Si Martin étoit le bâton, Martine étoit l’épée. « Quiconque, fait dire Brantôme au vieux capitaine piémontais de ses Rodomontades espagnolles, quiconque aura affaire à moy, il faut qu’il ait affaire à Martine que me voylà au costé. » Œuvres, édit. du Panthéon, t. II, p. 16.

5. Les défenses contre les tavernes n’atteignoient pas les marchands de vin qui vendoient à pot, et que l’on n’avoit jamais confondus avec les cabaretiers. « Les marchands de vin, écrivoit Colbert le 16 octobre 1681 à M. de Mirosménil, qui n’avoit pas à ce propos fait exécuter comme il convenoit le règlement des Aydes dans la ville de Vitry, les marchands de vin ne peuvent vendre en détail qu’à huis coupé et pot renversé, et les taverniers et cabaretiers peuvent vendre du vin, donner à manger ou souffrir que l’on mange dans leur maison. » Corresp. administ. de Louis XIV, t. III, p. 290.
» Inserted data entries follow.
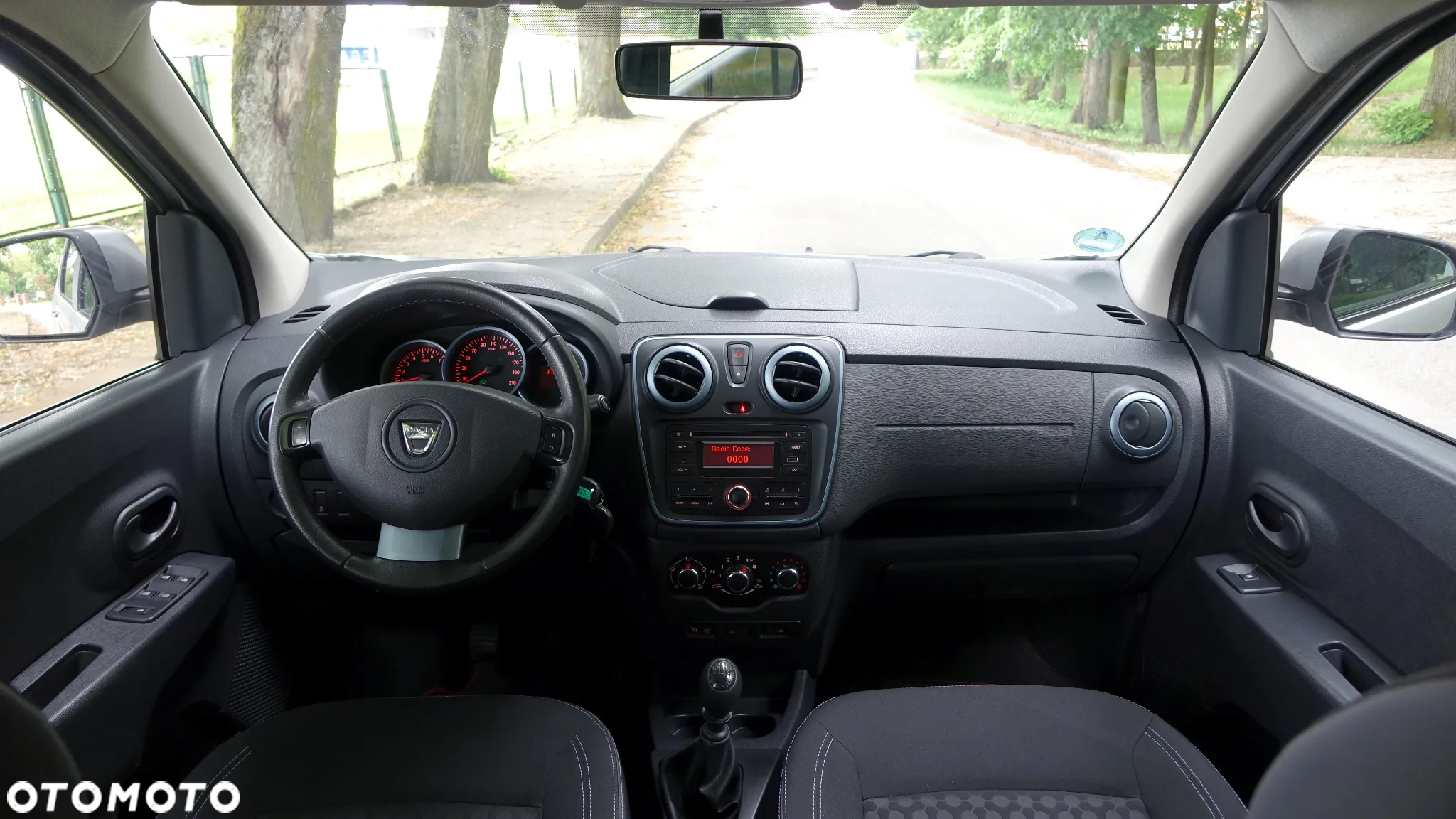 Dacia Lodgy 1.5 dCi Stepway - 11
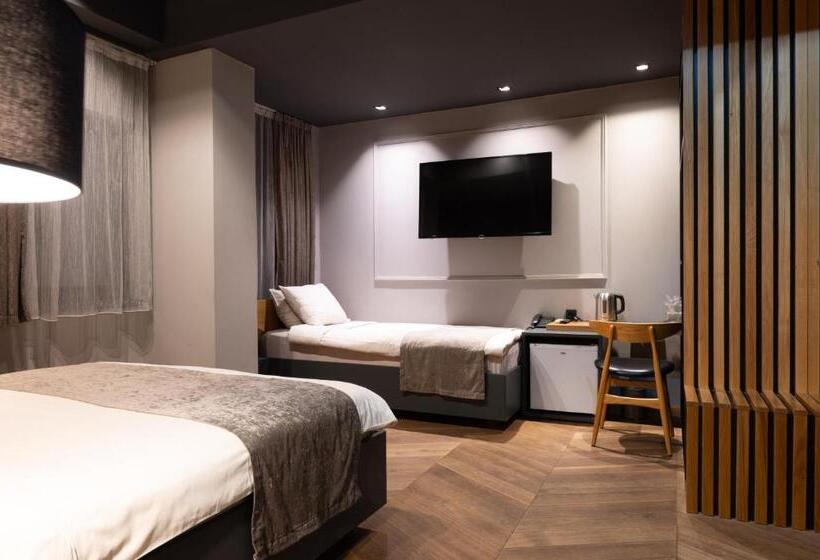 اتاق استاندارد سه نفره, London B&b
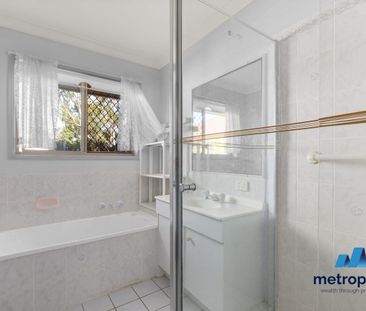 THREE BEDROOM HOME IN CONVENIENT LOCATION - Photo 3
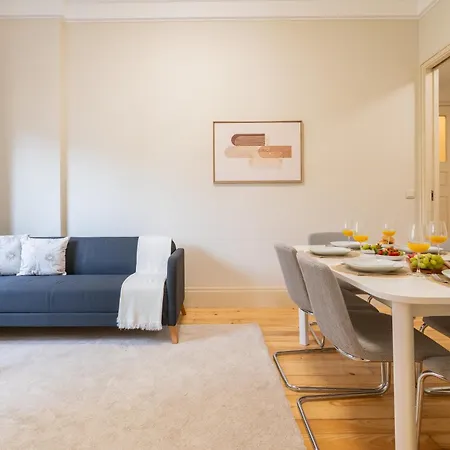 Modern & Cozy Flat With Workspace By Hostwise *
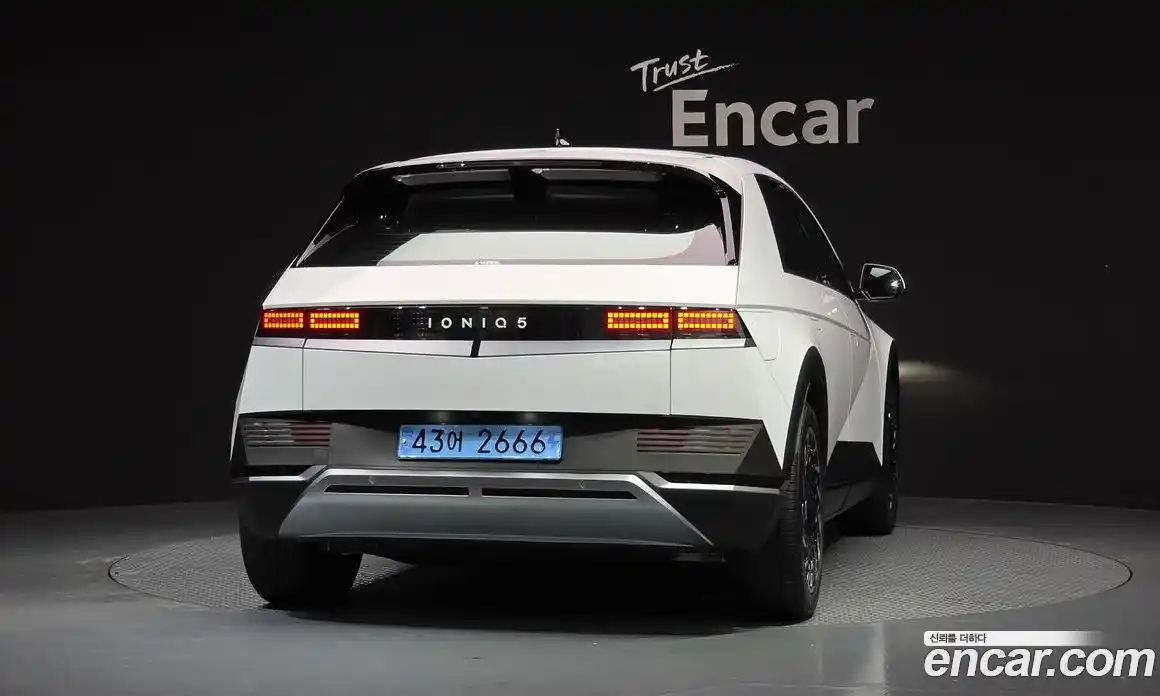 Hyundai Ioniq 5 2023 0.1 Автомат в Москве № 126897, фото 4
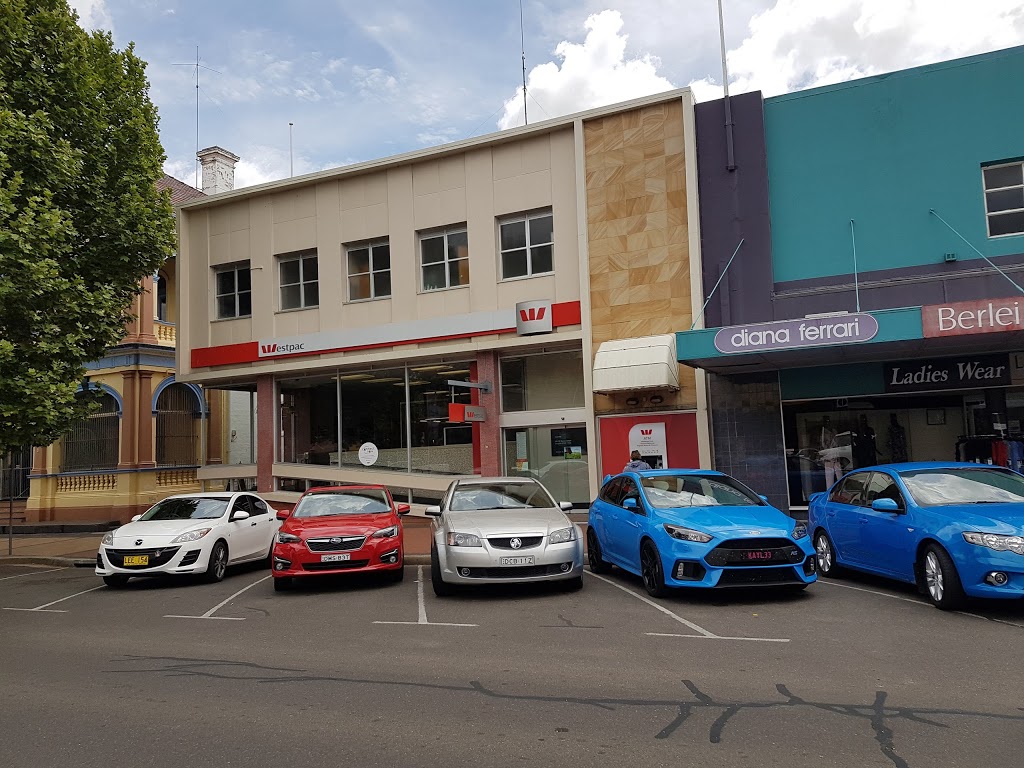 Westpac Branch | bank | 68-70 Byron St, Inverell NSW 2360, Australia | 0267200888 OR +61 2 6720 0888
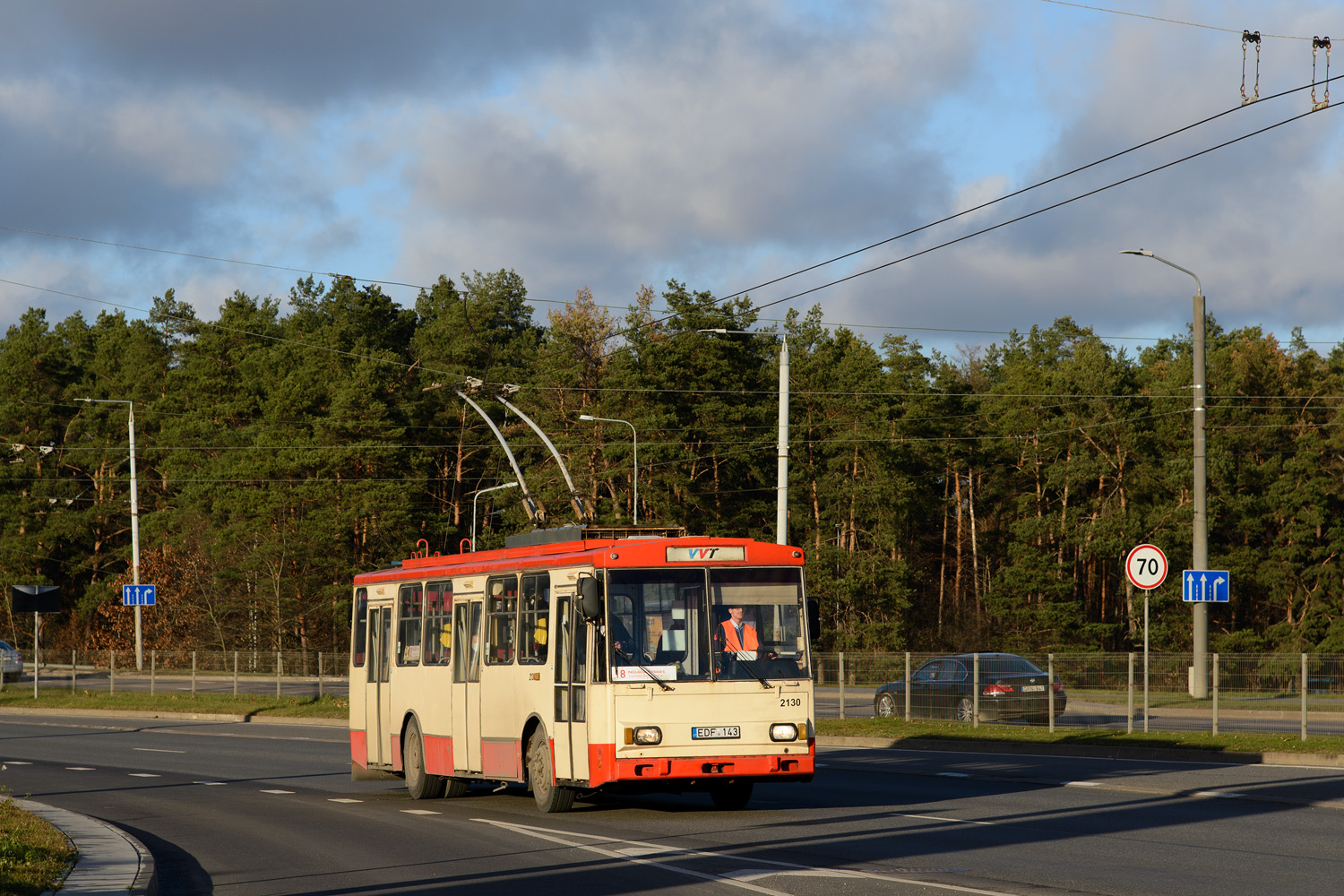 Вильнюс, Škoda 14Tr11/6 № 2130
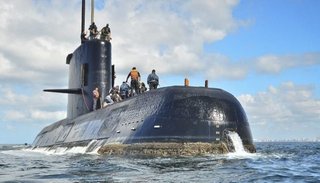Homenaje a submarinistas del ARA San Juan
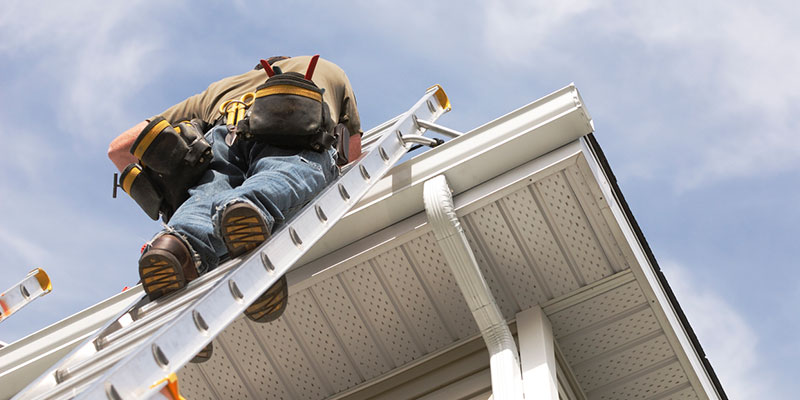 Why Gutter Services Should be Handled by Professionals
6. Dans la pièce rouennoise du XVIe siècle que nous avons citée en commençant, les femmes se réjouissent aussi de ce que désormais, vu la défense de boire ailleurs qu’au logis, elles auront leur part à la ripaille :

—-Si un voisin avec son familier
Se veut esbattre, ainsy que de raison,
Il est contraint de boire en sa maison
—-Et d’envoyer querir du vin à pot.
Par ce moyen, en tout temps et saison,
Femme et enfant ont leur part à l’escot.

7. On voit que cette huile fameuse, tant redoutée des épaules, n’est pas baptisée d’hier. Oudin en parle dans ses Curiosités françoises au mot Huile, et elle a son article dans le Dictionn. du Bas Langage, t. II, p. 52.